(Directions for this task) Since pictures are not wanted in the copy, output only the rest of each record exactly.

Image-text web data:
-------
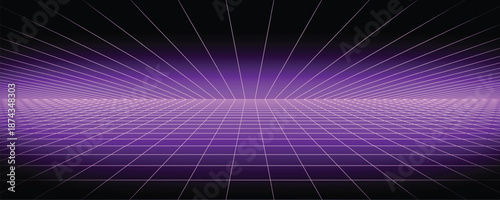  glowing neon purple wireframe background shining checkered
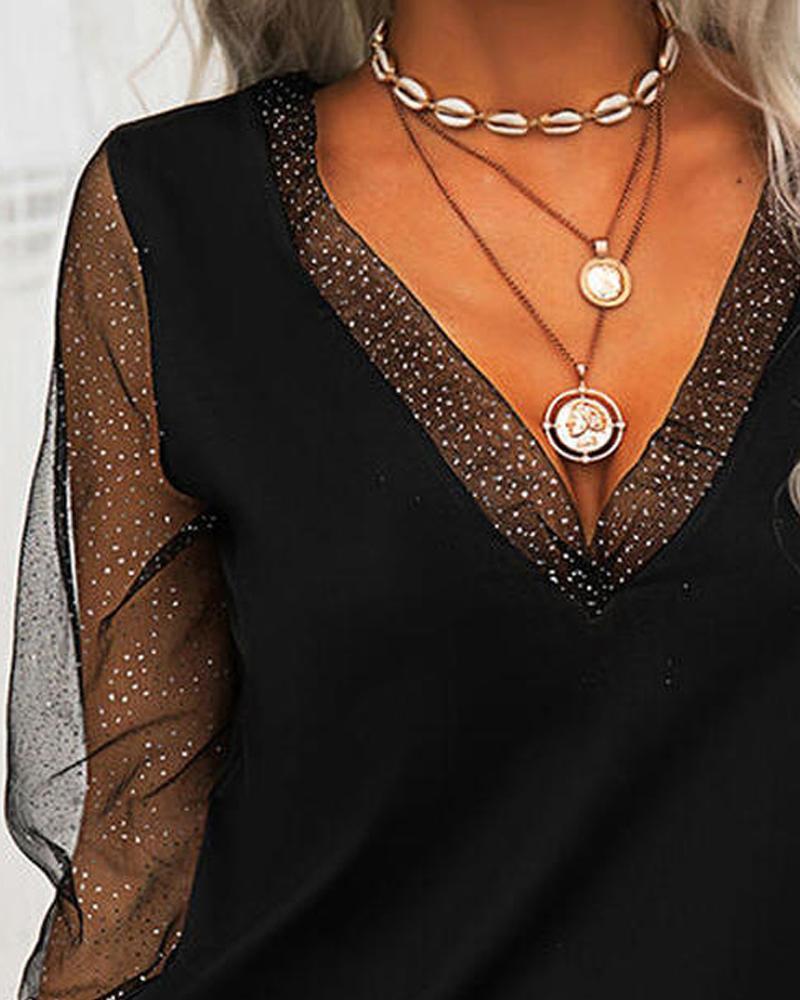 V Neck Fashion Mesh Patchwork Top Limorista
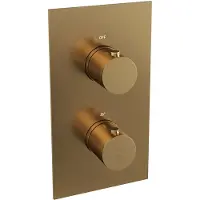 Brauer Gold Edition thermostatische inbouw regendouche 3-weg omstelling SET 30 met 30 cm douchekop en plafondarm en staaf handdouche en doucheslang en wandaansluitbocht goud geborsteld PVD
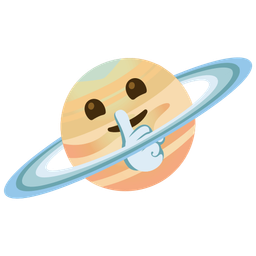 ringed planet and shushing face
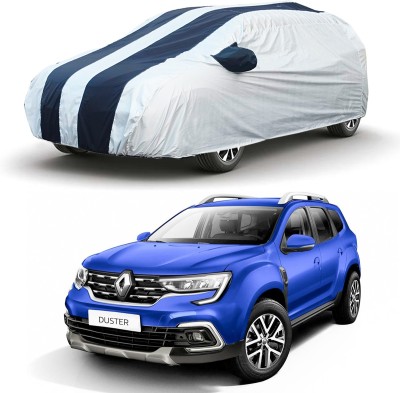 GKG Car Cover For Renault Duster (With Mirror Pockets)(Silver, Black)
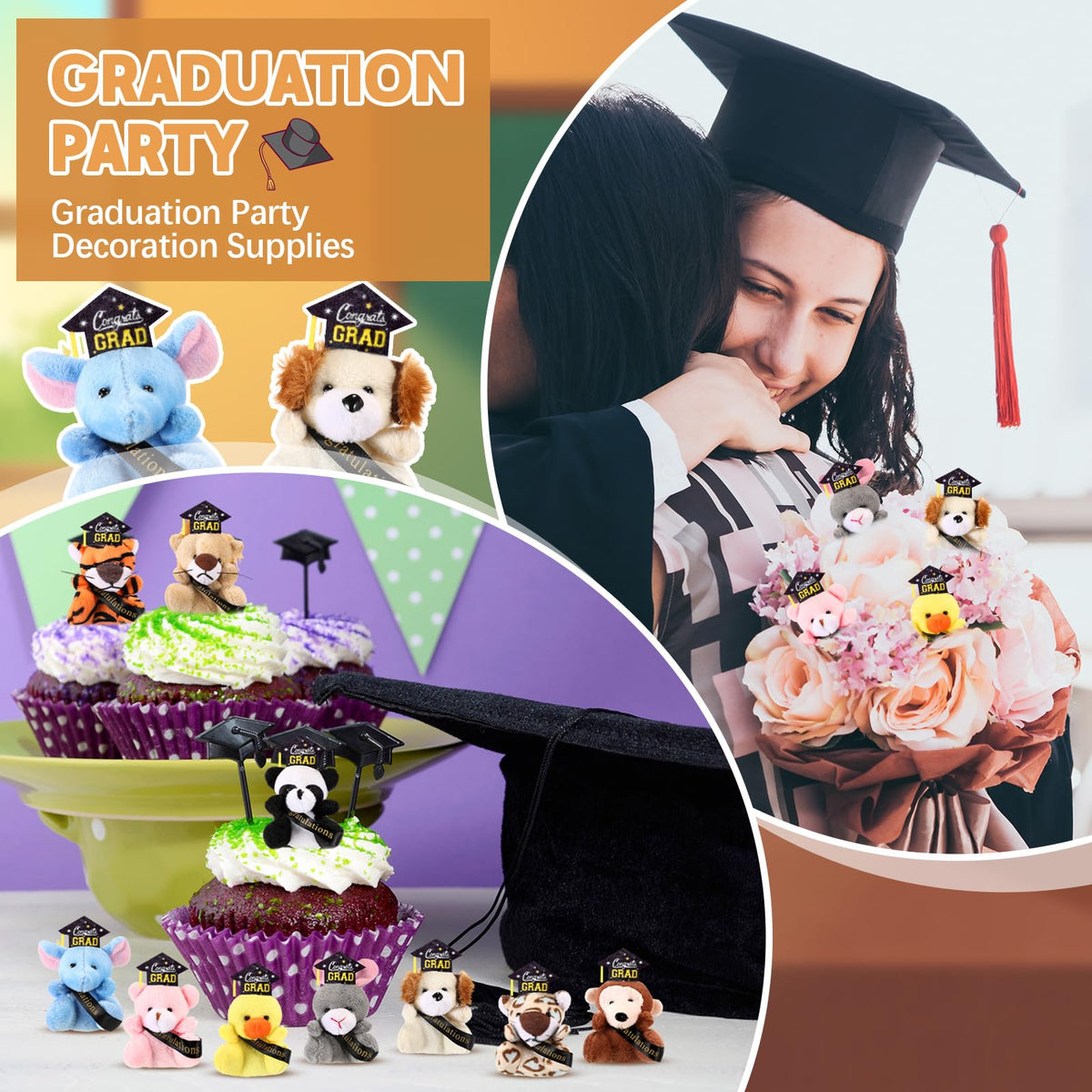 MiniInflat small graduation plush with ribbon, ideal for classroom rewards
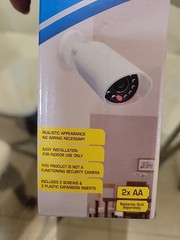 1 Fake Security CCTV Camera Dummy Camera White w/ Flashing Red LED Light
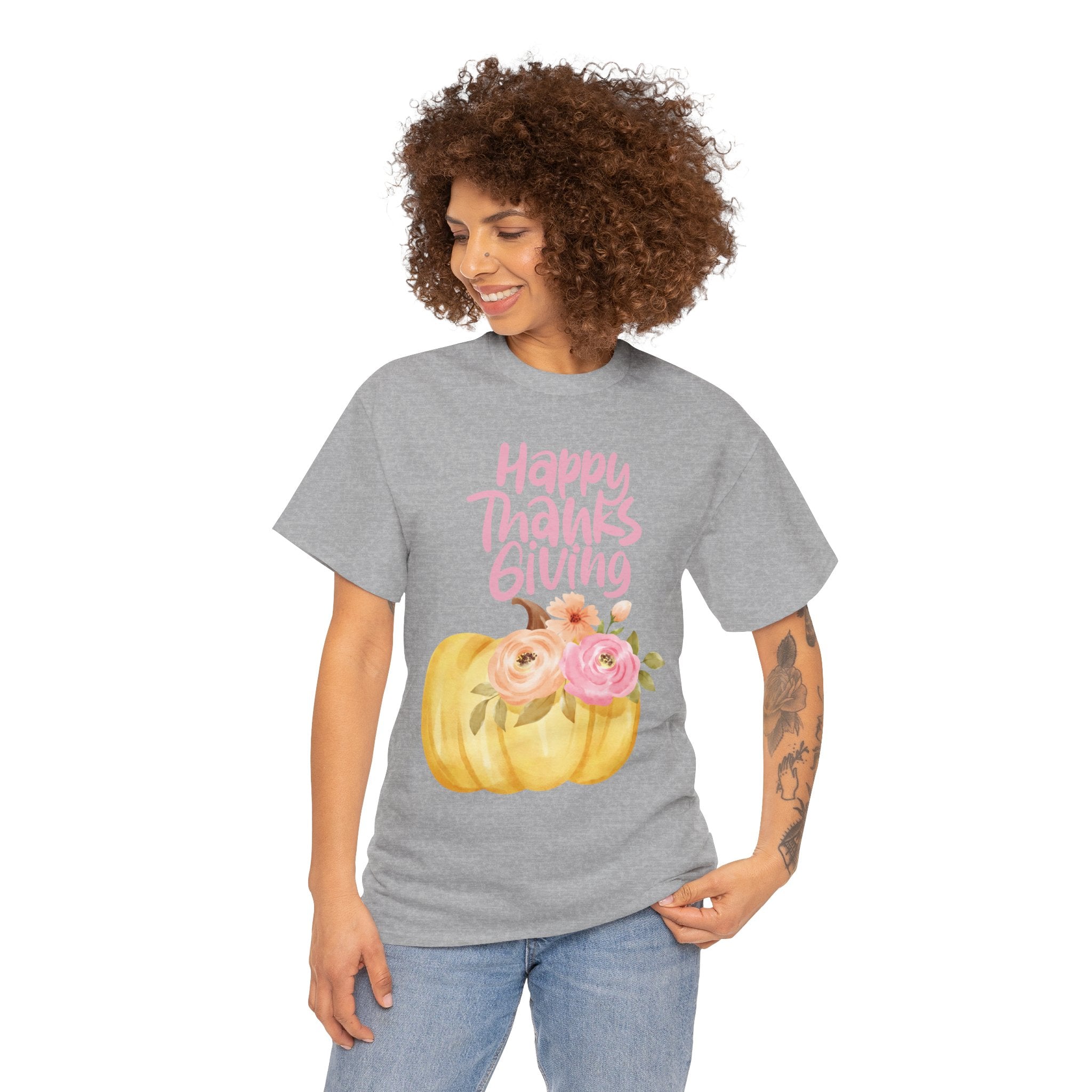 Thanksgiving Floral Tee, Holiday Shirt, Fall Fashion, Gifts for Her, Pumpkin T-Shirt, Autumn Apparel, Friendsgiving Outfit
-------
(Completed exercise)
  glowing neon purple wireframe background shining checkered
 V Neck Fashion Mesh Patchwork Top Limorista
 Brauer Gold Edition thermostatische inbouw regendouche 3-weg omstelling SET 30 met 30 cm douchekop en plafondarm en staaf handdouche en doucheslang en wandaansluitbocht goud geborsteld PVD
 ringed planet and shushing face
 GKG Car Cover For Renault Duster (With Mirror Pockets)(Silver, Black)
 MiniInflat small graduation plush with ribbon, ideal for classroom rewards
 1 Fake Security CCTV Camera Dummy Camera White w/ Flashing Red LED Light
 Thanksgiving Floral Tee, Holiday Shirt, Fall Fashion, Gifts for Her, Pumpkin T-Shirt, Autumn Apparel, Friendsgiving Outfit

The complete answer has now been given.